With this, my main goal was to mess around with both using straight numpy to build a basic tic tac toe agent as well as to learn more about qlearning as well. This article helped me with getting started with the basics.

This was about a day long project to help get started and next steps are to make this user friendly and deploy this outside of a notebook environment! Cause let's be honest, these aren't super user friendly.

In [ ]:
from copy import deepcopy

import numpy as np
import pandas as pd
import matplotlib.pyplot as plt

Agent Class

the main event of all this! each agent is set up to track moves taken over the course of the game and at the end, use reward to update the states throughout the game and update the reward function for that game based on the outcome.

Using Bellman Equation:

$\epsilon$: exploration rate - chance that a random move is taken vs best move.
$\alpha$: learning rate - basically weights everything and how much impact each reward function has.
$\gamma$: discount factor - acting to weight the impact the future reward has.

$$Q(S, A) = Q(S, A) + \alpha * (\gamma * reward - Q(S, A))$$

or in code:

self.states[move] += self.lr * (self.discount_factor * reward - self.states[move])
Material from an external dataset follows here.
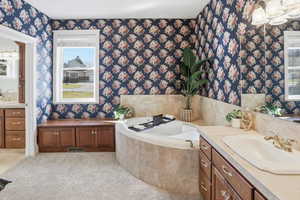Primary Suite Full bath featuring vanity, a garden tub, and light colored carpet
which can definitely be easier to read :)

In [ ]:
class Agent:
  def __init__(self, symbol, lr=0.2, exp_rate=0.4, discount_factor=0.1):
    """
    initialize a player and associated symbol.
    learning rate,
    exploration rate,
    discount factor
    """
    self.symbol = symbol
    self.lr = lr
    self.exp_rate = exp_rate
    self.discount_factor = discount_factor
    self.states = {}
    self.moves_taken = []

  def _get_values(self, hash):
    """
    """
    if hash not in self.states:
      values = 0
    else:
      values = self.states[hash]

    return values

  def move(self, board):
    """
    choose next move
    """
    explore = np.random.uniform(0, 1) < self.exp_rate
    avail_idx = np.argwhere(board.board == 0)
    next_move = None
    
    if explore: # look through all available positions and find best move
      max_value = -999
      for pos in avail_idx:
        next_board = deepcopy(board)
        next_board.update_board(pos[0], pos[1], self.symbol)
        board_hash = next_board.get_hash()
        value = self._get_values(board_hash)

        if value > max_value:
          max_value = value
          next_move = pos
    else:
      pos_idx = np.random.randint(len(avail_idx))
      next_move = avail_idx[pos_idx]

    return next_move

  def update_move_history(self, board_hash):
    """
    add move to front of the list.
    """
    self.moves_taken.insert(0, board_hash)

  def reward(self, reward):
    """
    update rewards at end of game for each state.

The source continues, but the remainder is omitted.